Sie geht mit gutem Beispiel voran, als sie für eine Plattform kandidiert, die die Probleme der Community aufzeigt und gleichzeitig die Werte einer etablierten politischen Partei vertritt.

„Früher oder später werden wir Akzeptanz finden. Anders kann ich mir das nicht vorstellen. Dies ist kein Kampf zwischen zwei Seiten, sondern unsere Gesellschaft verändert sich einfach zum Besseren.“

Nino Bolkvadze

„In Georgien gibt es Gerüchte, dass Homosexuelle aus dem Westen kämen“, sagt Nino. Eine Person mit anderer sexueller Orientierung war früher unsichtbar. Die Menschen müssen ihre Geschichten erzählen und die Medien müssen über diese Themen berichten. Deshalb reist sie quer durchs Land und hält Vorträge. Sie bekommt oft Briefe von jungen Mädchen, in denen sie ihr mitteilen, dass sich die Meinung ihrer Eltern über sie geändert hat, nachdem sie Ninos Vorlesungen gehört haben. Sie gibt zu, dass es Orte gibt, wohin sie immer noch nicht geht, aber sie ist unermüdlich: „Nach und nach werden wir gewinnen. Wir werden zeigen, wer wir sind, und wir werden mehr Unterstützung bekommen.“ 2019 weigerte sich die Regierung, den Tiflis-Pride zu verteidigen: Mitglieder der LGBT-Community versammelten sich am 14. Juni vor der Staatskanzlei, wurden aber von rechtsextremen Aktivisten angegriffen. Die Parade fand am 8. Juli eine halbe Stunde statt, bevor die Teilnehmer sich wegen zunehmender Drohungen der Rechten zerstreuen mussten.

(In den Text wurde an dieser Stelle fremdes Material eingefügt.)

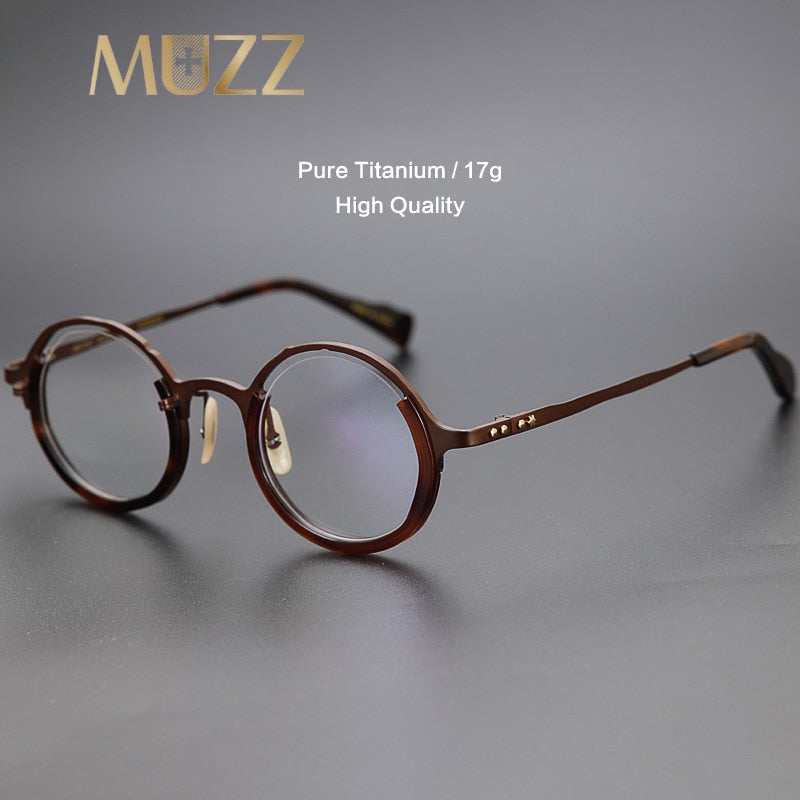 Muzz Unisex Full Rim Round IP Titanium Acetate Hand Crafted Frame Eyeglasses 0053 Full Rim Muzz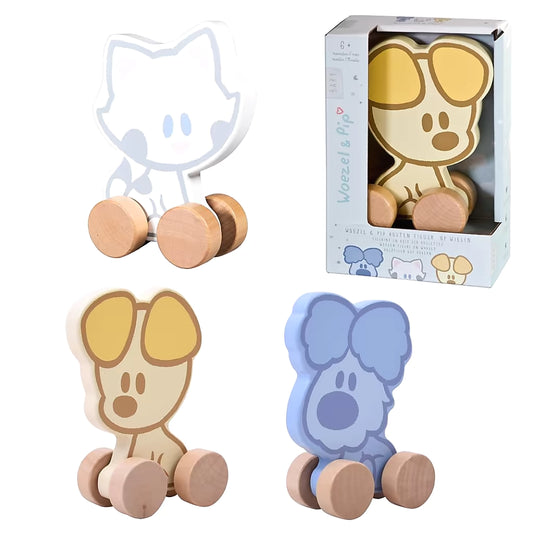 Set houten trekfiguur dieren uit Woezel en Pip, met Woezel, Pip en Buurpoes, kleurrijk baby speelgoed in hout.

Nino wertet dies nach wie vor als Erfolg und erwartet keine Utopie oder einen einfachen Sieg. Aber ihr juristischer Erfolg im Bereich der Menschenrechte, kombiniert mit den jüngsten politischen Maßnahmen in Georgien - wie der Unterzeichnung eines Memorandums zum Schutz von LGBTI durch 15 politische Parteien - lässt sie auf drei ihrer Hauptziele hoffen: Eintreten für liberale Werte in Georgien, Legalisierung von Lebenspartnerschaften und schließlich die politische Vertretung der LGBT-Community.